Julian Jackson, James “Buddy” McGirt and Donald Curry will be gracing the corridors of the International Boxing Hall of Fame next year after the Class of 2019 was announced on Wednesday afternoon.  The three fighters were the “modern” category selections and will be enshrined in Canastota, N.Y. at the 2019 induction week ceremonies which take place June 6 through 9.

Jackson (55-6, 49 knockouts) is generally considered one of the sport’s hardest punchers in history. A former WBA junior middleweight and two-time WBC junior middleweight champion, Jackson fought from 1981 to 1998, and was ranked no. 25 on THE RING’s Top 100 Puncher of All-Time list in 2003. His right hand produced numerous highlight reel KOs, including Terry Norris, Herol Graham and Buster Drayton.

McGirt (73-6-1, 48 KOs) was an IBF junior welterweight and WBC welterweight titleholder who was among the best pound-for-pound technicians of the late 80s-early 90s. The Long Island native won his first title in 1988, avenging his first loss to Frankie Warren, and put on a master class in boxing against Simon Brown to lift his second championship in 1991. His biggest fights came against Pernell Whitaker, whom he lost a pair of decisions to.

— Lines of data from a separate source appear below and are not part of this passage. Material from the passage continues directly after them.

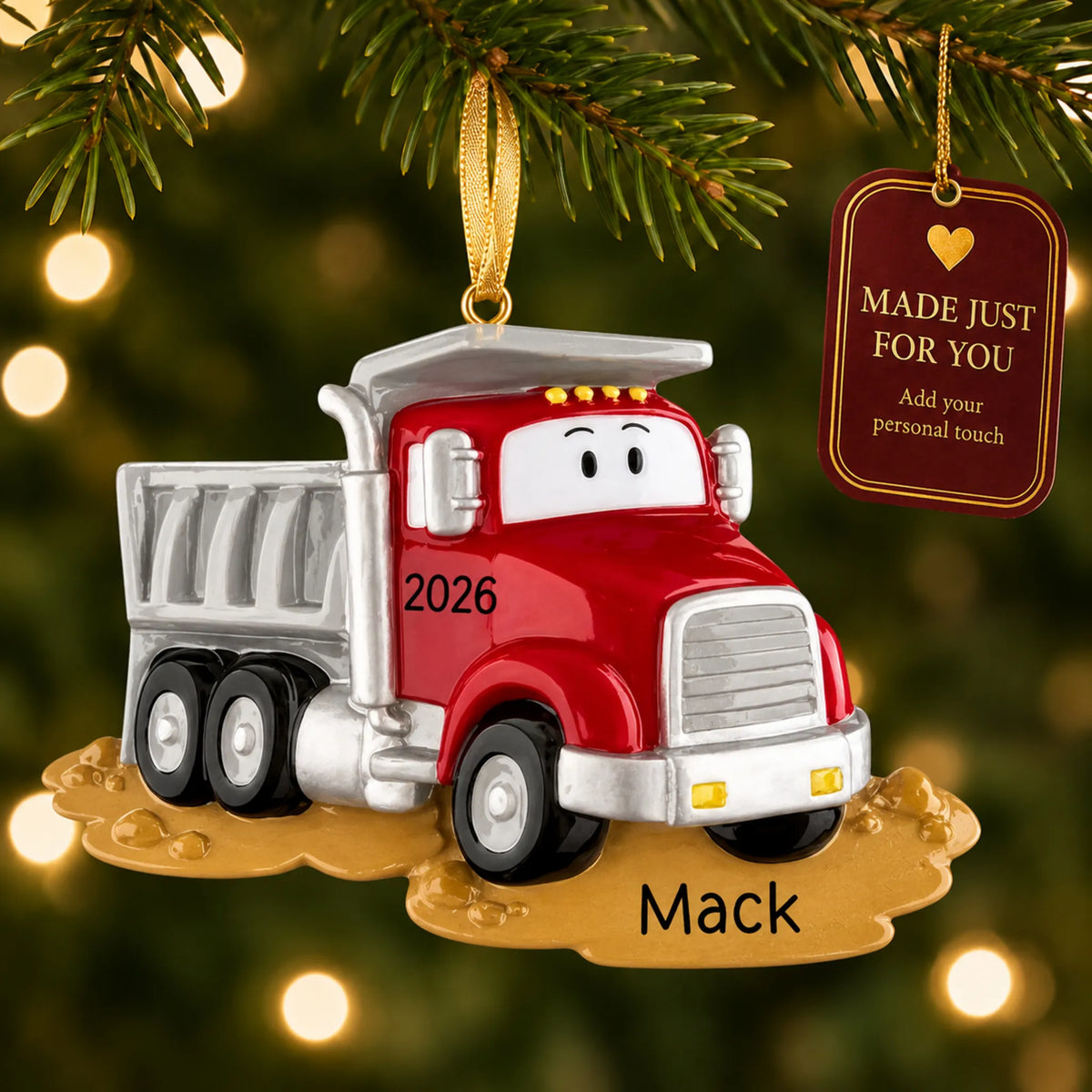 Construction dump truck christmas ornament hanging on a lit Christmas tree with a Made Just For You gift tag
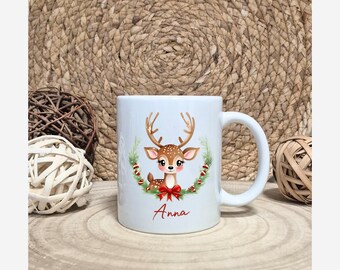 Könnte beinhalten: Weiße Keramiktasse mit einem Cartoon-Hirsch-Design, einschließlich Geweih, roter Schleife und grünem Kranz. Der Name "Anna" ist in roter Schrift geschrieben. Die Tasse hat einen weißen Griff.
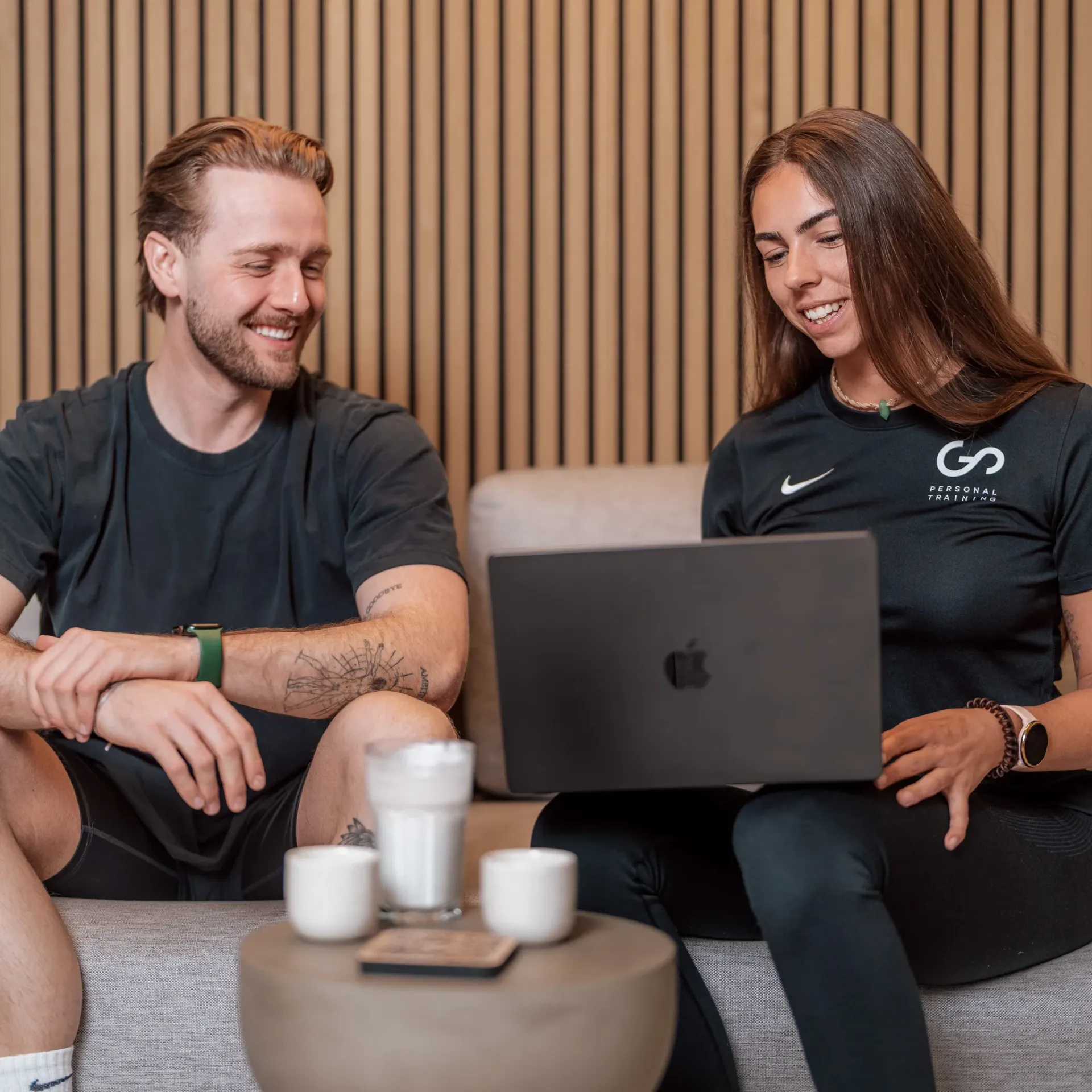 Trainer guiding a female client through an exercise, demonstrating the personalized one-on-one coaching philosophy of GO Personal Training.
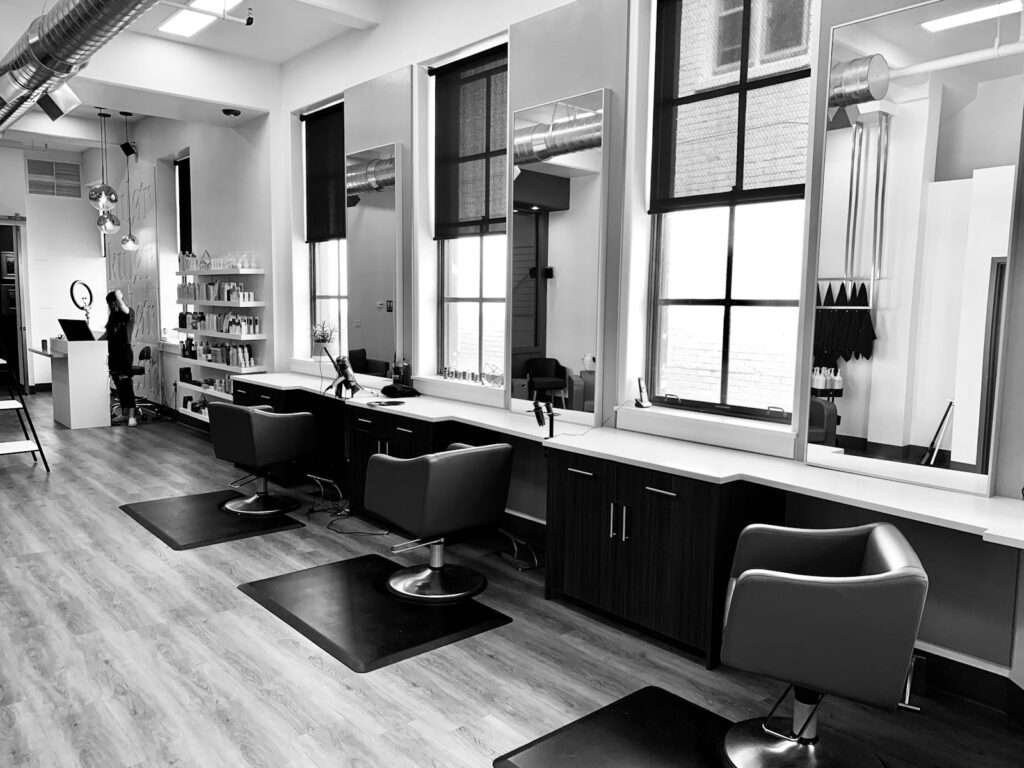 Stylist's chair and mirror in a modern salon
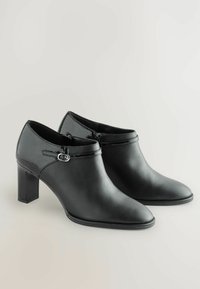 Bocanci negri din piele la gleznă cu o bordură din piele lucioasă, vârf ascuțit, toc pătrat de 6 cm și curea decorativă cu detaliu cu cataramă argintie.
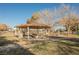 Community park featuring covered picnic area with tables and benches plus basketball court for outdoor enjoyment at 353 Keating St, Henderson, NV 89074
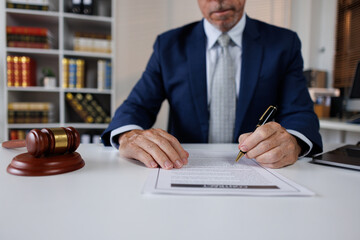 Judge or Legal advisor lawyer examining and signing legal documents. 
Lawyer singing in documents,...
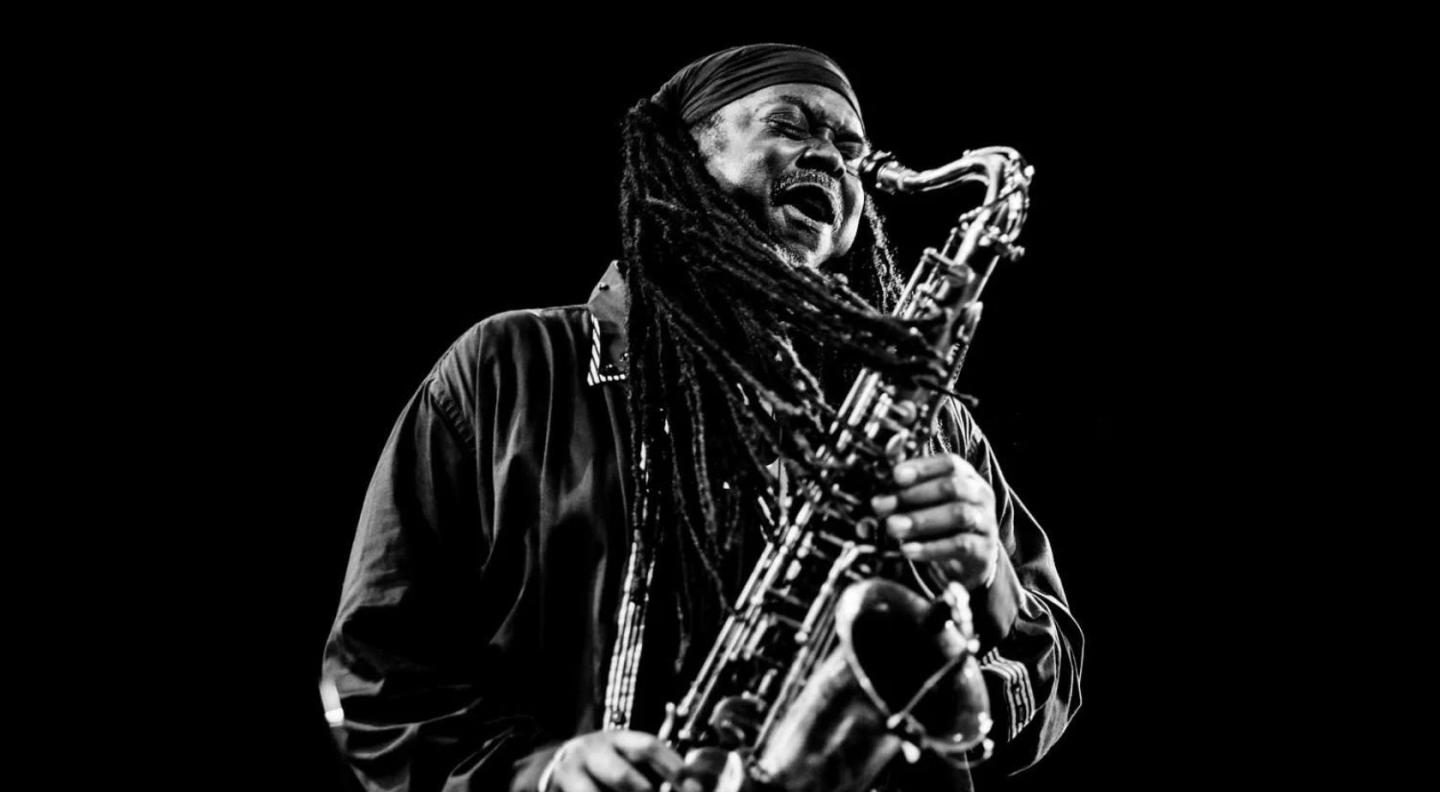 A black and white image of Courtney Pine playing the saxophone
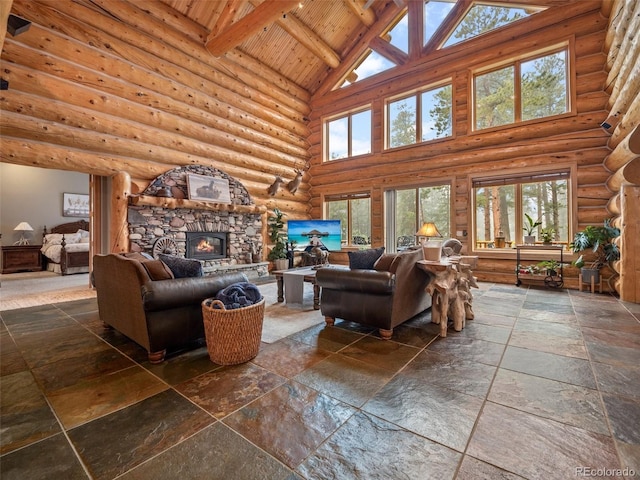 23076 Oehlmann Park Rd, Conifer, CO 80433 - living area featuring high vaulted ceiling, stone tile floors, healthy amount of natural light, a fireplace, and a wooden ceiling with exposed beams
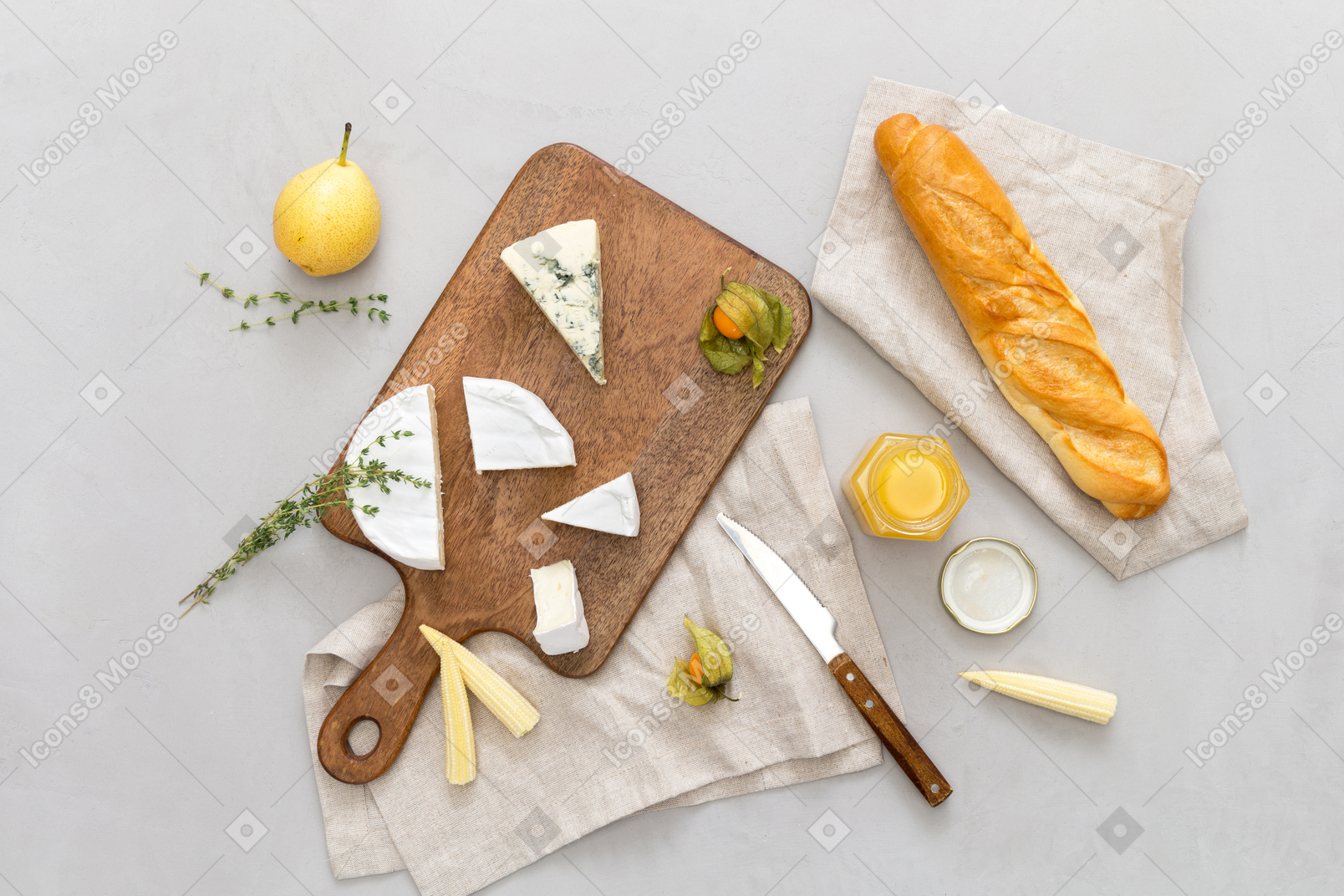 Tábua de cortar com alguma baguete e queijo, algumas pêras e mel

He’s best known these days as a trainer, and was the Boxing Writers Association of America Trainer of the Year for 2002.

Curry (34-6, 25 KOs) had been one of the notable exclusions in recent years. The Lone Star Cobra became the undisputed welterweight champion in 1986 after unifying with Milton McCrory, and had defeated Gianfranco Rosi to become WBC junior middleweight champ. He had been looked at as the natural successor to the title of boxing’s top talent in the post-Leonard/Hagler era before a series of shock losses slowed his ascension.

In the “old-timer” category, Tony DeMarco (58-12-1, 33 KOs), perhaps the oldest living world champion at age 86, will finally get his day in the Hall. DeMarco ended Johnny Saxton’s welterweight championship reign in 1955 by 14th round TKO, but lost the belt two months later by stoppage to Carmen Basilio.

Among non-combatants, Teddy Atlas, the long-time commentator and trainer who recently made headlines for guiding Oleksandr Gvozdyk to the WBC light heavyweight title this past weekend, plus judge Guy Jutras, Top Rank publicist Lee Samuels, matchmaker Don Elbaum and journalist Mario Rivera Martino will also be enshrined.